6.4.5. Evaluate Other Reports and Adjust Settings Accordingly

Difficulty Packing Design

In the Fitter Resource Section, under the Resource Usage Summary, review the Difficulty Packing Design report. The Difficulty Packing Design report details the effort level (low, medium, or high) of the Fitter to fit the design into the device, partition, and Logic Lock region.

As the effort level of Difficulty Packing Design increases, timing closure gets harder. Going from medium to high can result in significant drop in performance or increase in compile time. Consider reducing logic to reduce packing difficulty.

Review Ignored Assignments

The Compilation Report includes details of any assignments that the Fitter ignores. The Fitter may ignore assignments if they refer to nodes names that change, but assignments are not updated accordingly. Make sure that the Fitter is not ignoring any valid assignments.

Review Non-Default Settings

The Synthesis and Fitter reports list all settings set to a non-default value during the compilation. Review the non-default settings to ensure benefit.

Review the Design Floorplan

Use the Chip Planner for reviewing placement. You can use the Chip Planner to locate hierarchical entities, using colors for each located entity in the floorplan. Look for logic that seems out of place, based on where you expect it to be

For example, logic that interfaces with I/Os should be close to the I/Os, and logic that interfaces with an IP or memory should be close to the IP or memory.
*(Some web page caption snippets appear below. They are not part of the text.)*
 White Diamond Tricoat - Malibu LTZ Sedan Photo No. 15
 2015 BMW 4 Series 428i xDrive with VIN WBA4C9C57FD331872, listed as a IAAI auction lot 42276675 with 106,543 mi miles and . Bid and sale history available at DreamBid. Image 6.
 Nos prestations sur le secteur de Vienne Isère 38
Figure 20. Floorplan with Color-Coded Entities

The following notes describe use of the visualization in Floorplan with Color-Coded Entities:

  • The green block is spread apart. Check to see if those paths are failing timing, and if so, what connects to that module that could affect placement.
  • The blue and aqua blocks are spread out and mixed together. Check if connections between the two modules contribute to this.
  • The pink logic at the bottom must interface with I/Os at the bottom edge. Check fan-in and fan-out of a highlighted module by using the buttons on the task bar. Look for signals that go a long way across the chip and see if they are contributing to timing failures.
  • Check global signal usage for signals that affect logic placement, and verify if the Fitter placed logic feeding a global buffer close to the buffer and away from related logic. Use settings like high fan-out on non-global resource to pull logic together.
  • Check for routing congestion. The Fitter spreads out logic in highly congested areas, making the design harder to route.

Adjust Placement Effort

You can increase the Assignments > Settings > Compiler Settings > Advanced Settings (Fitter) > Placement Effort Multiplier value to spend additional compilation time and effort in Place stage of the Fitter.
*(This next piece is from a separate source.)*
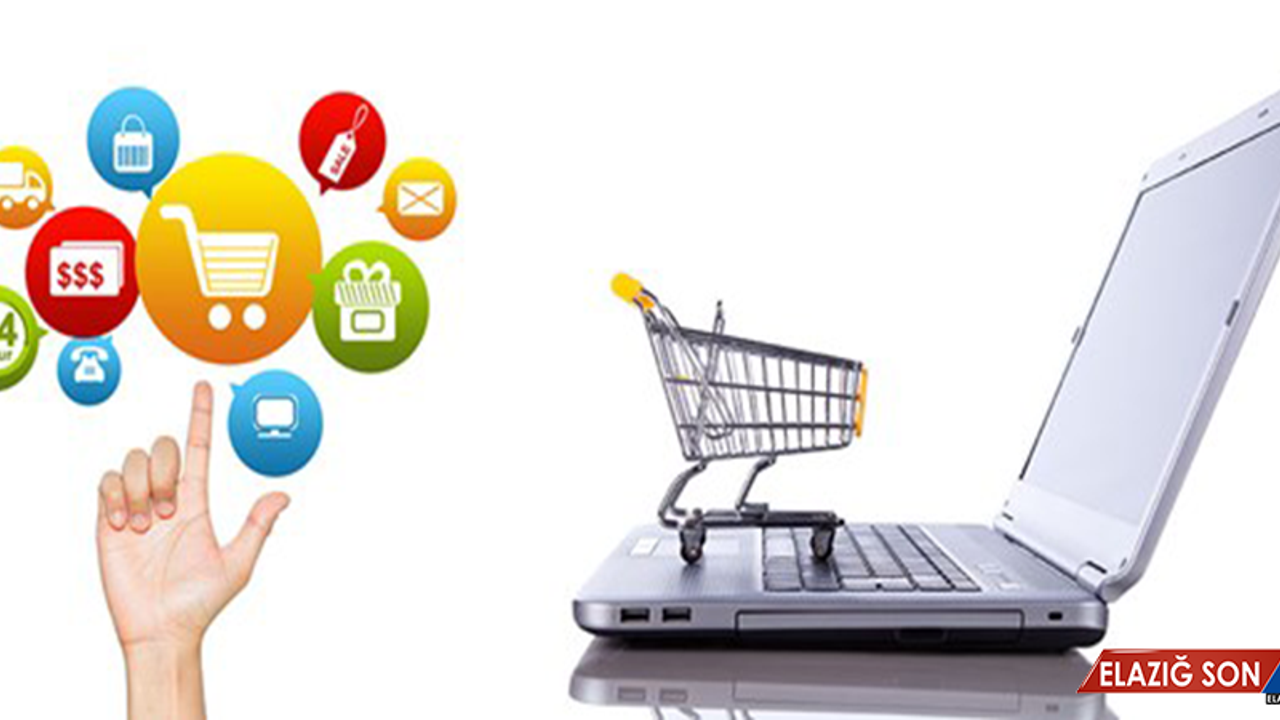 Bakan Pekcan: E-Ticaret Hacmi Ay Bazında Yüzde 93 Arttı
Adjust the multiplier after reviewing and optimizing other settings and RTL. Try an increased value, up to 4, and reset to default if performance or compile time does not improve.

Adjust Fitter Effort

Fitter Optimization mode settings allow you to specify whether the Compiler focuses optimization efforts for performance, resource utilization, power, or compile times.

By default, the Fitter Optimization mode is set to Balanced (Normal flow) mode, which reduces Fitter effort and compilation time as soon as timing requirements are met. You can optionally select another Optimization mode to target performance, area, routability, power, or compile time.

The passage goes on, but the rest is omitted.